Including partial differential equations in your PyMC3 model

PDE-based modeling

A partial differential equation (PDE) is an equation which imposes relations between the partial derivatives of a multivariable function. To solve a PDE means to find a function that satisfies prescribed relations, similarly to how we seek a certain number \(x\) in algebraic equation \(x^2 + 2x + 2 = 0\).

PDEs are foundational in modern scientific modeling of various phenomena in physics and engineering fields. In this tutorial we a going to take a look at the elasticity phenomenon. Solid objects will deform when some loads are applied to them; if the material is elastic, the object will return to its initial shape and size after removal of the load. So the elastic material behaves like a spring.

Bayesian inference for PDE-based models

Excerpt from Albert Tarantola’s book:
Physical theories allow us to make predictions: given a complete description of a physical system, we can predict the outcome of some measurements. This problem of predicting the result of measurements is called the modelization problem, the simulation problem, the forward problem, or the primal problem. The inverse problem consists of using the actual result of some measurements to infer the values of the parameters that characterize the system. While the forward problem has (in deterministic physics) a unique solution, the inverse problem does not. As an example, consider measurements of the gravity field around a planet: given the distribution of mass inside the planet, we can uniquely predict the values of the gravity field around the planet (forward problem), but there are different distributions of mass that give exactly the same gravity field in the space outside the planet. Therefore, the inverse problem — of inferring the mass distribution from observations of the gravity field — has multiple solutions (in fact, an infinite number). Because of this, in the inverse problem, one needs to make explicit any available a priori information on the model parameters. One also needs to be careful in the representation of the data uncertainties.

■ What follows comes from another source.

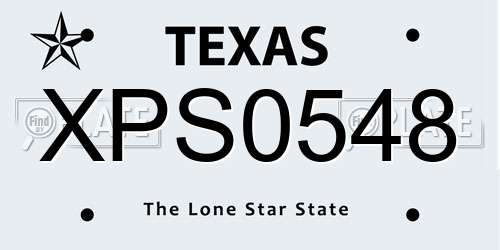 XPS0548 Texas License Plate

PDEs can be parametrized to cover a range of different materials/fluids/environment conditions, etc. A problem of recovering certain parameters from the physical observations is called an inverse problem.

The history of applying Bayesian statistics to inverse problems dates back to Albert Tarantola. His book “Inverse Problem Theory: Methods for Data Fitting and Model Parameter Estimation” was published 1987.

Suggested reading:

Short intro to FEniCS: basic concepts and syntax

FEniCS is a library for an automated solution of partial differential equations using the finite element method (FEM). Domain-specific languages (DSL) are tailored to specific application areas. PyMC3 implements a DSL for specifying and manipulating probability distributions for building probabilistic models. FEniCS includes its own DSL for partial differential equations posed in a weak form called, the Unified Form Language (UFL). UFL is used also in other finite element libraries, for example Firedrake and DUNE-FEM. UFL can be used for many different equations and in different application fields. It has been applied to a variety of complex, coupled nonlinear equations.

In many textbooks on finite element methods you will find the “Hello World!” task, the basic Poisson problem stated as follows: Find \(u\in V\) such that \[a(u, v) = L(v) \quad \forall v \in V, \quad\quad(1)\] where \(a(u,v):= \int_\Omega \nabla u \cdot \nabla v \, dx\) is a bilinear form and \(L(v):= \int_\Omega f v dx\) is a linear form for some source term \(f\). Additionally we supplement the problem statement with the condition that the solution should be zero on boundaries of the domain. This variational problem is straightforward to transform into FEniCS code.

# wildcard import is not advisable in general
# however current fenics tutorials are written in this way
from fenics import *
mesh = UnitSquareMesh(10, 10)
V = FunctionSpace(mesh, "CG", 1)
u = TrialFunction(V)
v = TestFunction(V)
f = 1.0
a = inner(grad(u), grad(v)) * dx # left-hand-side of the equation (1)
L = f * v * dx # right-hand-side of the equation (1)
bc = DirichletBC(V, 0.0, "on_boundary")
sol = Function(V)
solve(a==L, sol, bc)

The FEniCS/UFL input closely matches the mathematical abstractions and syntax.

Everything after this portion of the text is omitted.